0

I am trying to understand the below code snippet taken from here

float Q_rsqrt( float number )
{
    long i;
    float x2, y;
    const float threehalfs = 1.5F;

    x2 = number * 0.5F;
    y  = number;
    i  = * ( long * ) &y;                       // evil floating point bit level hacking
    i  = 0x5f3759df - ( i >> 1 );               // ??? 
    y  = * ( float * ) &i;
    y  = y * ( threehalfs - ( x2 * y * y ) );   // 1st iteration
//  y  = y * ( threehalfs - ( x2 * y * y ) );   // 2nd iteration, this can be removed

    return y;
}

What I dont understand is the conversion from float to long pointer and back to float pointer. Why cant we simply do i=y instead of first referencing and then dereferencering the float.
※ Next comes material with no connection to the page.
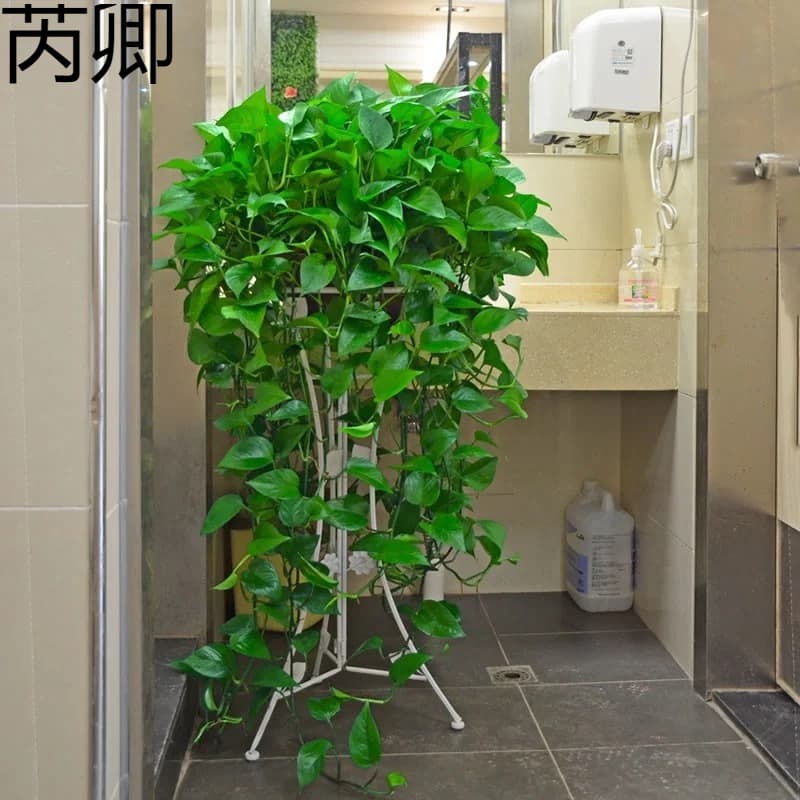 Large pot of trailing pothos with long vines, hanging green plant for office interior, large-leaf pothos hydroponic flower, easy to grow, trailing vine plant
I am new to pointer conversions, so please bear with me.

infoclogged
  • 3,641
  • 5
  • 32
  • 53
  • 3
    This code invokes *undefined behavior*. Also `i = y` would perform a *conversion* from `float` to `long` (including truncation), what this code does is *reinterpret* the bits of a `float` as a `long` (hence the comments about "bit level hacking") – UnholySheep Jul 19 '18 at 09:12
  • @UnholySheep - cant understand the difference between conversion from float to long and 'reinterpret the bits of float as a long'. Can you put some example to show the difference? – infoclogged Jul 19 '18 at 09:16
  • Here's a quick example showing the difference (using `unsigned int` instead of `long` and `memcpy` instead of pointer casts to avoid *undefined behavior*): https://ideone.com/LndSR2 – UnholySheep Jul 19 '18 at 09:20
  • related: https://stackoverflow.com/q/43120045/5470596 – YSC Jul 19 '18 at 09:29
  • @Asu - i am not questioning the magic number. I am trying to understand the conversion. Its a completely different question. – infoclogged Jul 19 '18 at 09:59
  • 1
    @infoclogged: The linked question has a step-by-step explanation including that step. – MSalters Jul 19 '18 at 10:35
  • @MSalters Would be glad if you can refer one single answer in that post which explains the conversion step by step !? Its not prudent to duplicate questions just because the related question has a "hint" of an answer. Alone look at the subject line which differs so much... – infoclogged Jul 19 '18 at 10:51
  • please reopen the question, coz the focus of my question is different than one in the duplicate. – infoclogged Jul 19 '18 at 10:56
  • @infoclogged: See Rushyo's answer. The cast "gets the bits of the floating-point number". An assignment takes the value, not the bits. – MSalters Jul 19 '18 at 11:50
  • @MSalters - so the dereferencing step i = * ( long * ) &y; is literally copying the value held at address location y into the address location of i ? This means, the type cast should not matter.. It could be long * or int * .. anyone of them would work as long as the sizeof the typecast is more than float.. Is my understanding correct? – infoclogged Jul 19 '18 at 13:12
  • @infoclogged: The typecast has to be to the type of `i`, of course. But you could indeed change `i` to `unsigned long`, match the cast, and it would work the same - `sqrt(f)` doesn't work on negative `f` anyway. – MSalters Jul 19 '18 at 16:18

2 Answers2

3

This code snipped is obviously the fast inverse square root. The pointer semantics there are not really used to do pointer things, but to reinterpret the bits at a certain memory location as a different type.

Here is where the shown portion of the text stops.